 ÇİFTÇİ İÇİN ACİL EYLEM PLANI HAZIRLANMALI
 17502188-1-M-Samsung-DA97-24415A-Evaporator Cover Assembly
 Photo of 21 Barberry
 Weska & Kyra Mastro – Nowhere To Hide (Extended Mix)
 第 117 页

━━━━━━━━━━━━━━━━━━━━

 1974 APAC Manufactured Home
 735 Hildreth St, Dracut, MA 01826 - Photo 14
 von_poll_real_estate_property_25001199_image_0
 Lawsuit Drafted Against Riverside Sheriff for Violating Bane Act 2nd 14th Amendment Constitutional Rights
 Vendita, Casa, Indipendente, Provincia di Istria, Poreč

━━━━━━━━━━━━━━━━━━━━

Above are the records; copy every line in them that holds the word "Photo".

 Photo of 21 Barberry
 735 Hildreth St, Dracut, MA 01826 - Photo 14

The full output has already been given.